[Dataset records — start]

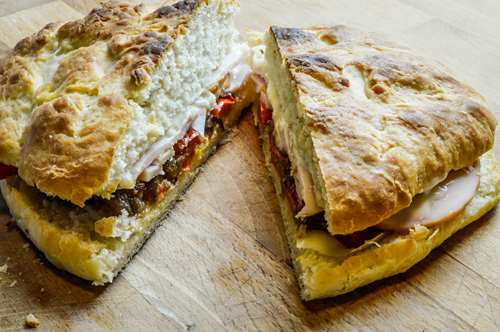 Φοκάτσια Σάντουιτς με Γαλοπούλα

[Dataset records — finish]
[Dataset records — start]

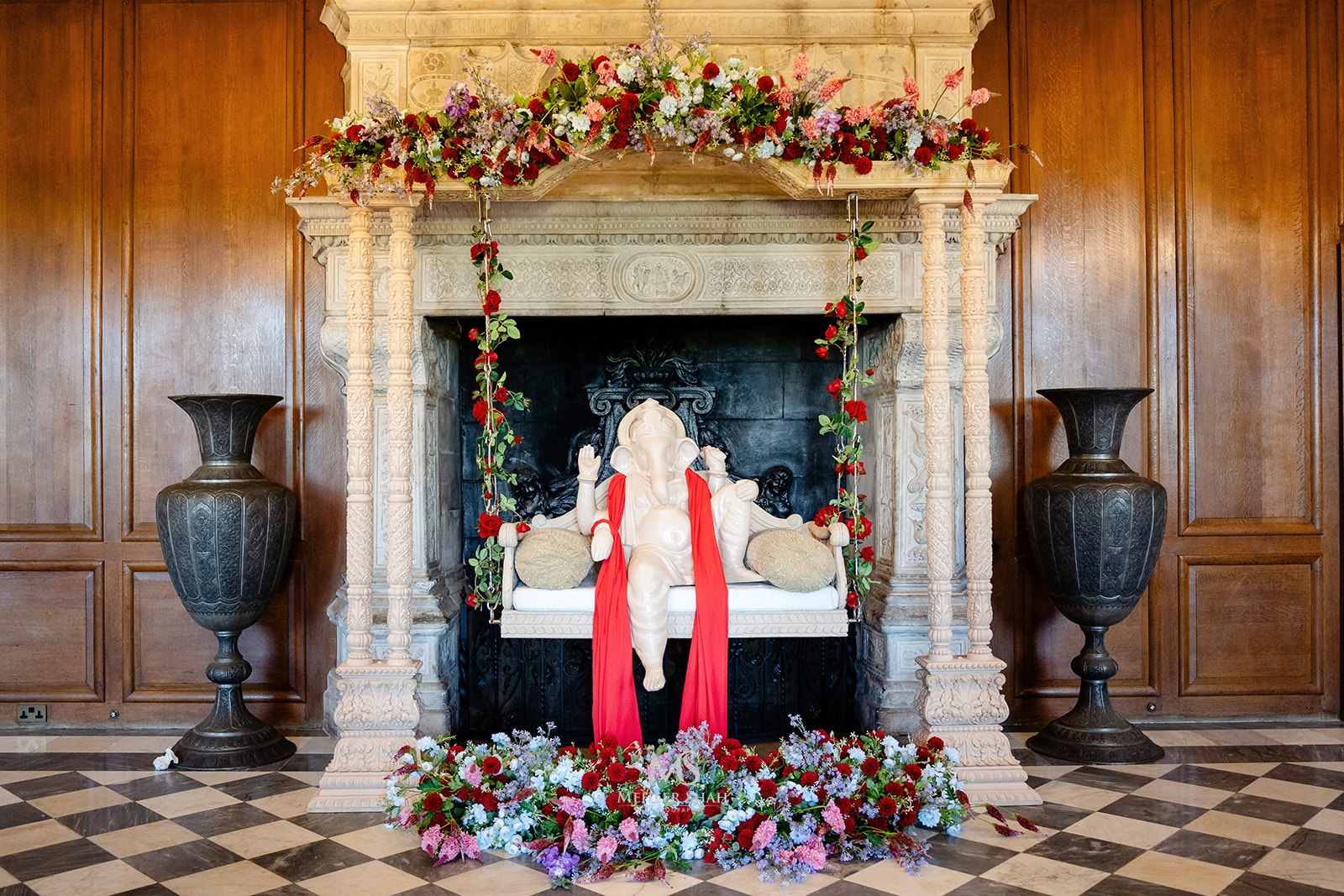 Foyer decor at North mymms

[Dataset records — finish]
[Dataset records — start]

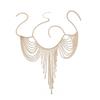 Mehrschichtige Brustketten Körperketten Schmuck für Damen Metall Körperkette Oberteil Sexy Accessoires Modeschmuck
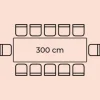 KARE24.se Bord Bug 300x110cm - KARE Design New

[Dataset records — finish]

Look above for the line containing "Mehrschichtige Brustketten Körperketten", then write out every line from there down to the line containing "KARE24.se Bord Bug", that line included, with no pictures.

● **Response below**:
 Mehrschichtige Brustketten Körperketten Schmuck für Damen Metall Körperkette Oberteil Sexy Accessoires Modeschmuck
 KARE24.se Bord Bug 300x110cm - KARE Design New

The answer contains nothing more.